# Front Blade Adjustment Lower than Rear & Sides???



## StillinSaigon (Nov 15, 2012)

I just finished servicing my John Deere D130 42" Lawn Tractor for it's 50 hour service. I replaced the blades with the G5 Gator Fusion Blades but once again, I'm stuck in setting the cutting blades. When I first got the tractor I bought the John Deere AM130907 Deck Leveling gauge from my local John Deere Dealer.

I placed the deck at the 3" position so my hand could fit under it and placed the blades horizontally and from the cutting edge of the blades, I adjusted the 2 nuts on either side of the deck to 3". I also turned the right and left blades 180 degrees to make sure they were at exactly 3". I then rotated the blades vertically or from front to rear and made sure my adjustments were 3" at the back of the deck. THEN, the final step tells me to measure the blade tips at the front of the deck and lower them 1/8 - 1/4" LOWER than the measurement of 3" at the rear of the deck to prevent "double-cutting" and browning the tips of the cut grass.

I cut my grass at 2 1/2" with no problems using the factory blades the D130 came with, BUT was I actually cutting my grass at 2 1/4" because of the lowering required at the front of the deck as it's final measurement?

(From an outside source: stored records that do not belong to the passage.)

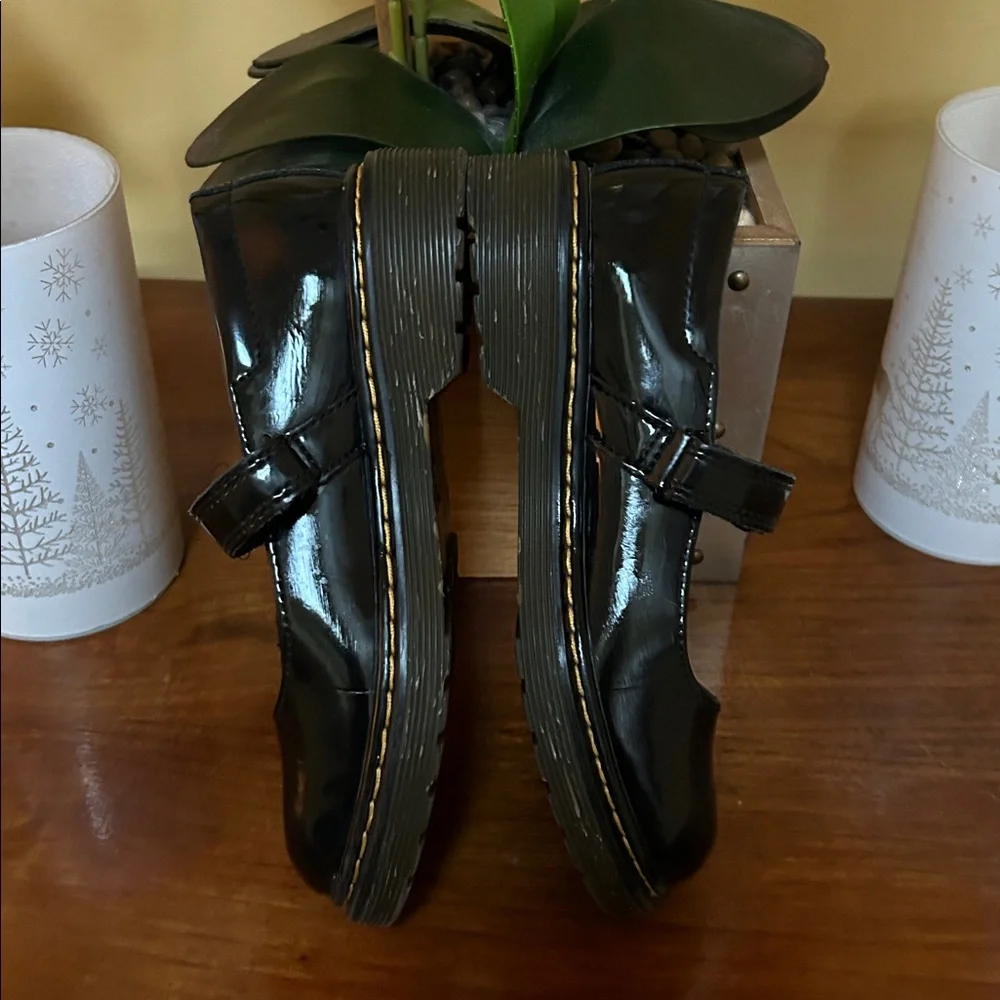 Dr. Martens Junior Glossy Black Patent Leather Mary Jane Shoes Kids Size 1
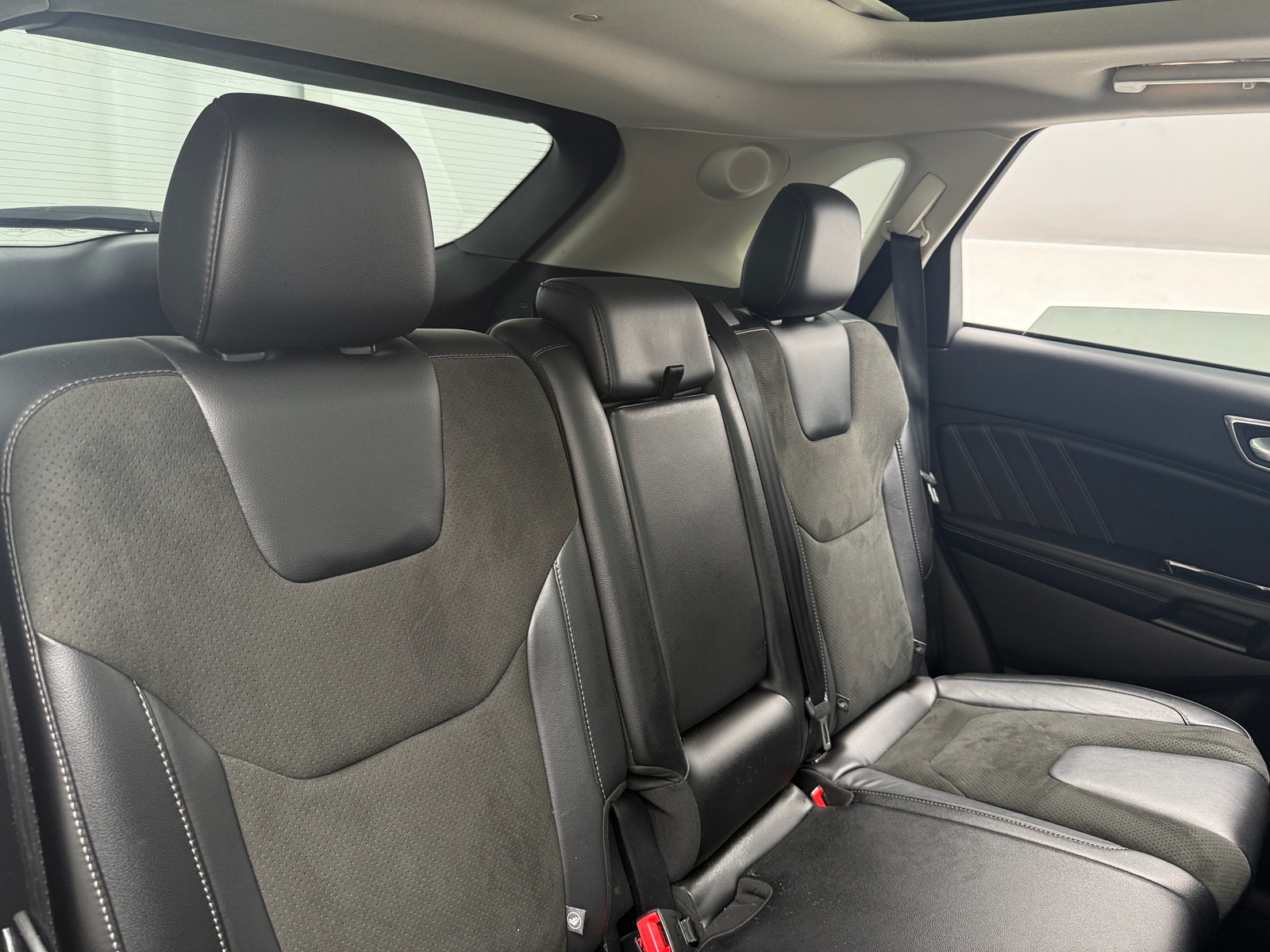 Thumbnail: 2016 Ford Edge - 5
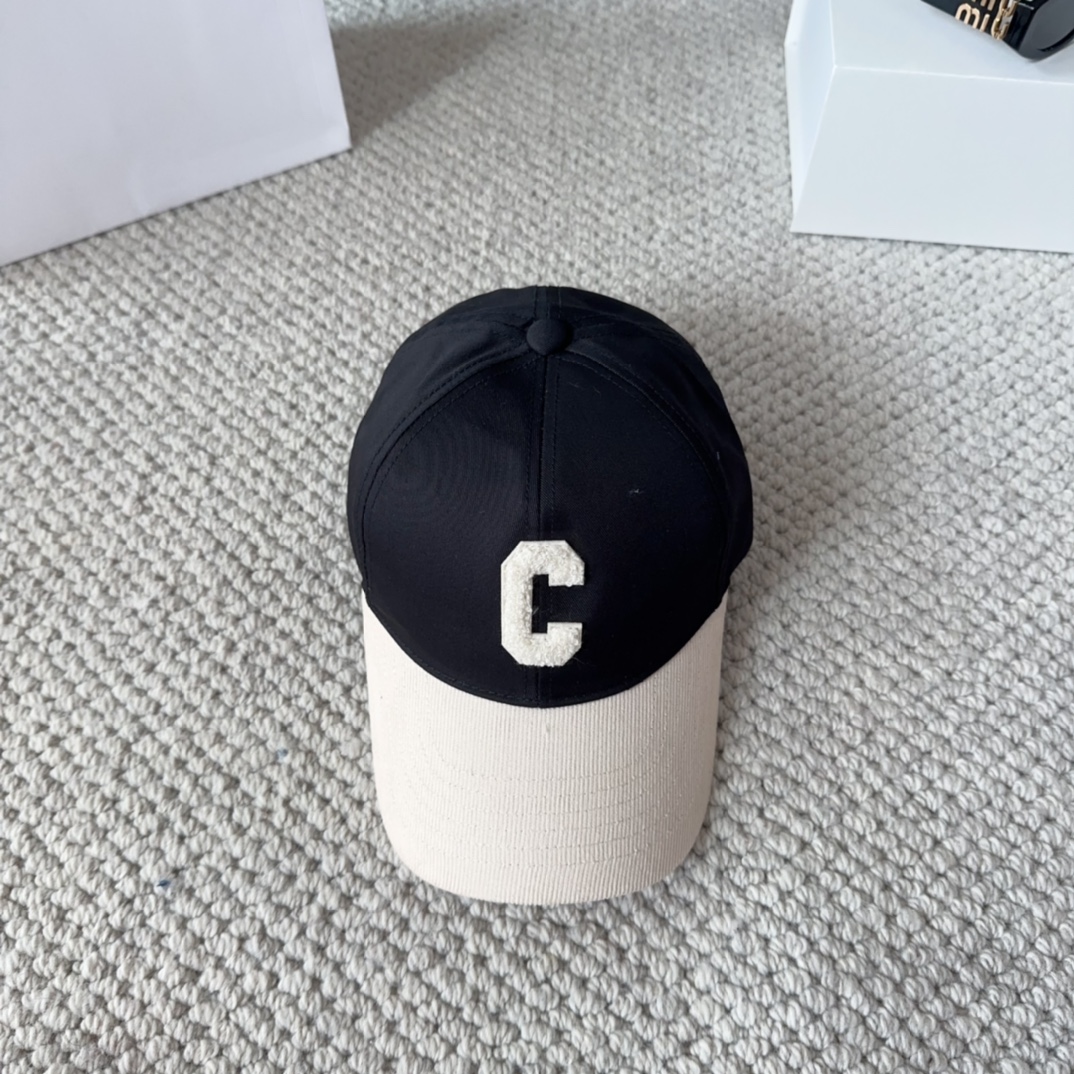CELIN* 凯旋门棒球帽☑️休闲百搭款🆒👏饱满立体高颅顶❗️🔉帽型正点 弧度流畅线条自然💙神奇改善脸型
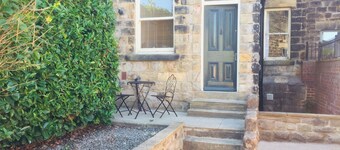Harlow View, Harrogate - 2 bedroom apt. Dog Friendly. Free Parking.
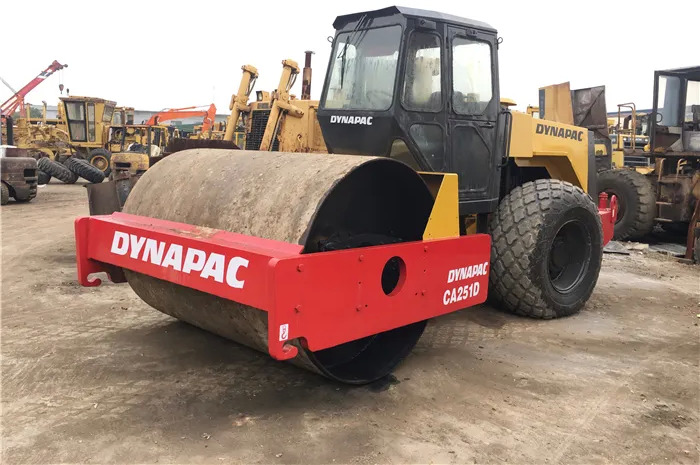 Second hand roller Dynapac CA251D used compactor CA251D Dynapac compactor roller for sale - Roller: picture 2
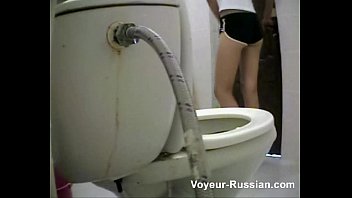 voyeur-russian pooping 3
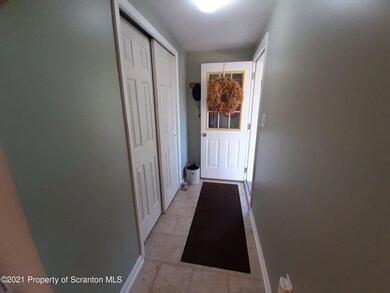 516 Evergreen Dr, Falls, PA 18615 - photo 6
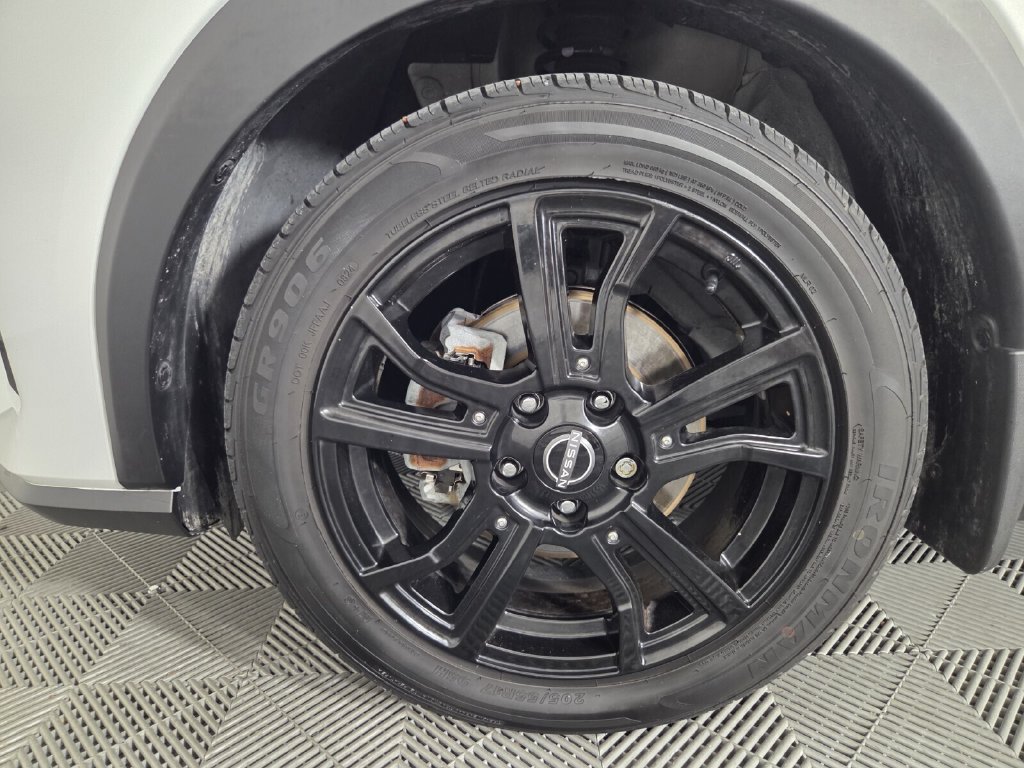 Used 2022 Nissan Kicks SV FWD image 9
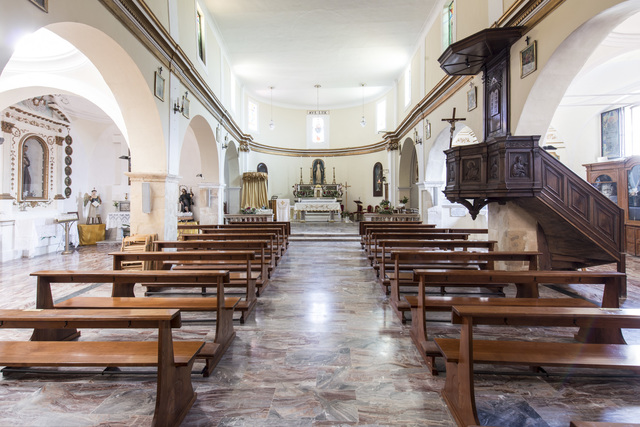 Chiesa di Santa Lucia - interno 
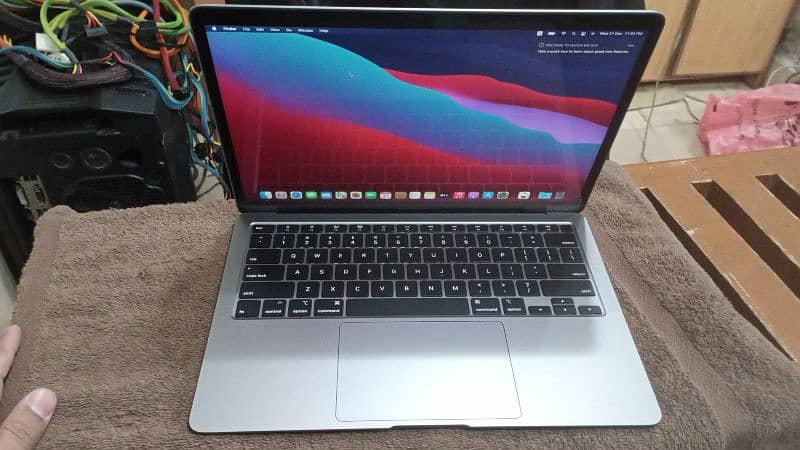 MacBook Pro 2016 & 2017 13 Inch Touch Bar & Non Touch Bar 1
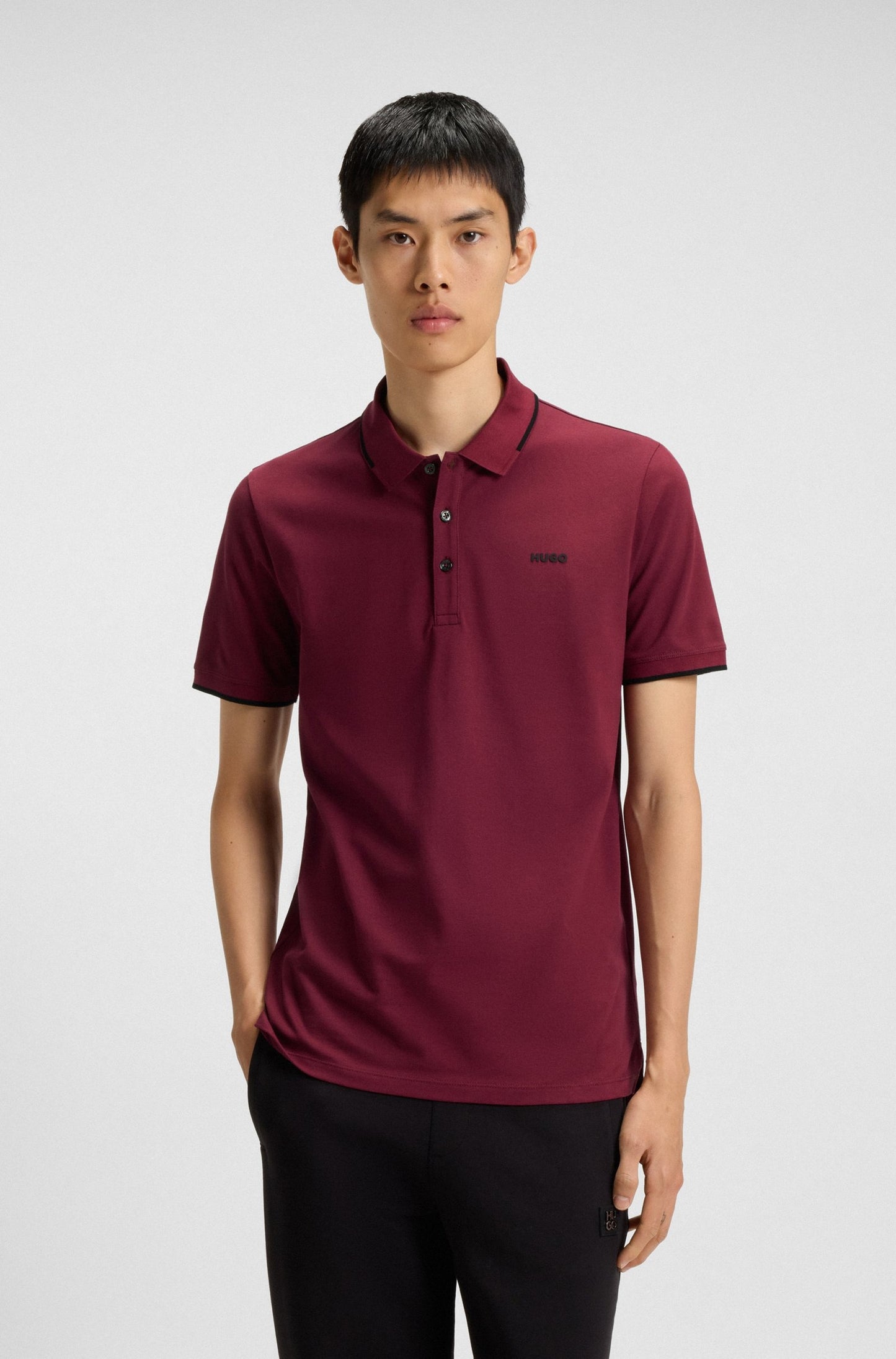 Chemise ajustada con cuello y mangas ribeteadas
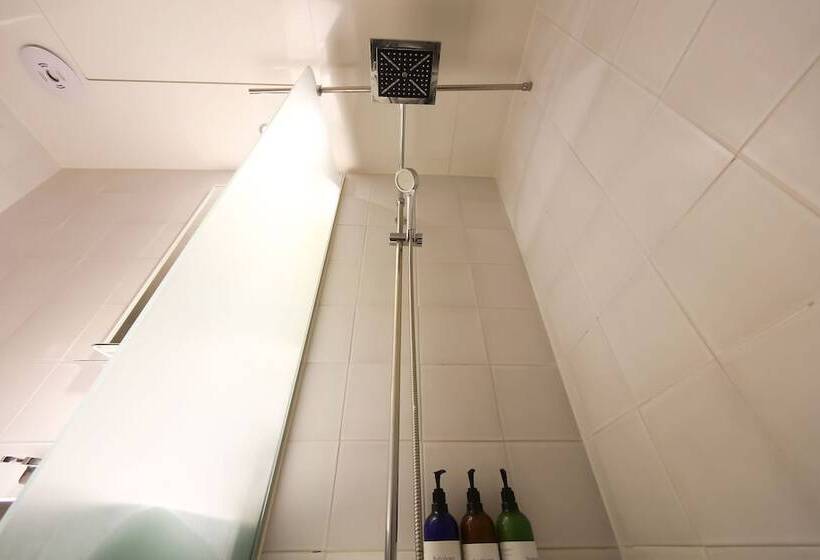 Motel Geojedo Gohyeon Hotel Blue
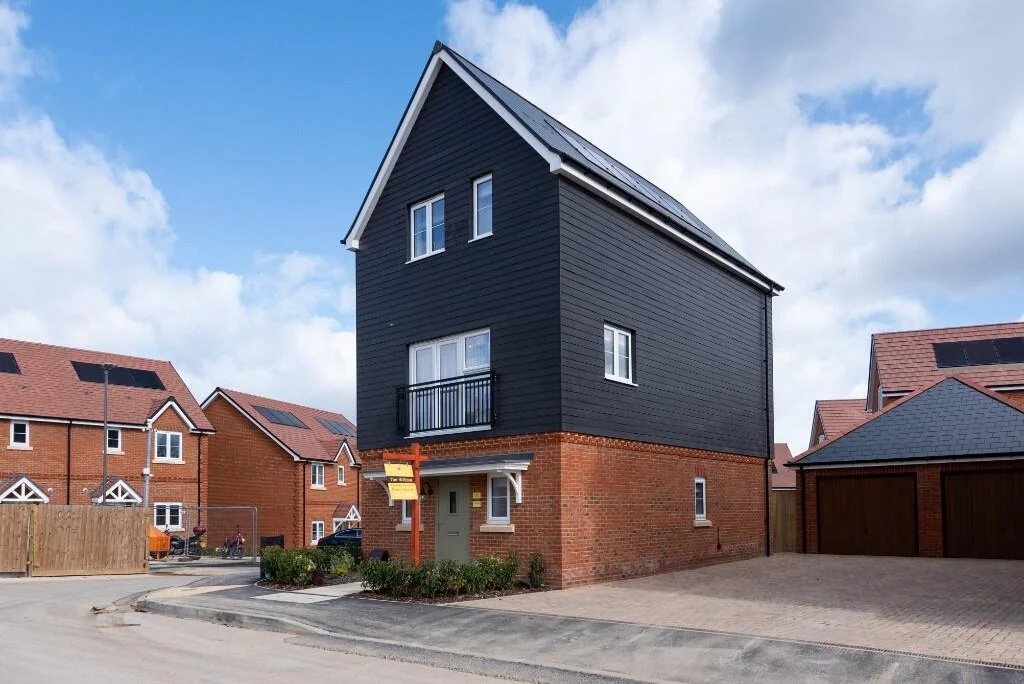 House Abbey Barn Park, United Kingdom, 1 506 m² - picture 2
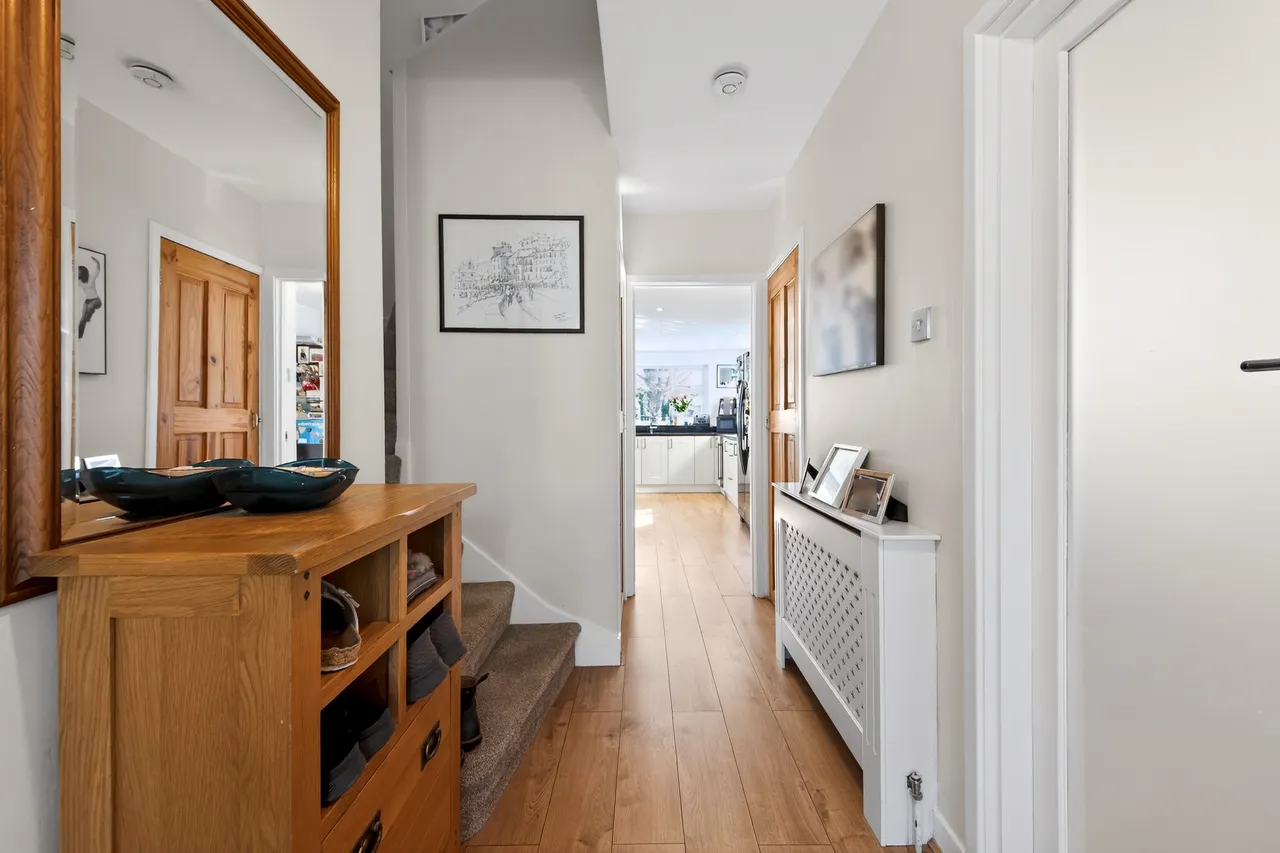 Grangewood, Potters Bar, EN6, photo 13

Now that I've replaced the blades and serviced the Deck completely, Am I supposed to:

1. Set the deck at 2 1/2" and adjust the blades if that's the height that I cut at? (not that I care about the height so much)

and/or

2. Set the cutting blades horizontally and at the back of the deck at 2 1/2" PLUS the 1/8th - 1/4" difference that I'll have to lower the deck in the front on that one nut according to the John Deere booklet that came with my tractor.:fineprint

Any Help would be much appreciated & Thanks in advance.:usa:

~StillinSaigon~

"Still Living on the Right Side of Dirt"


----------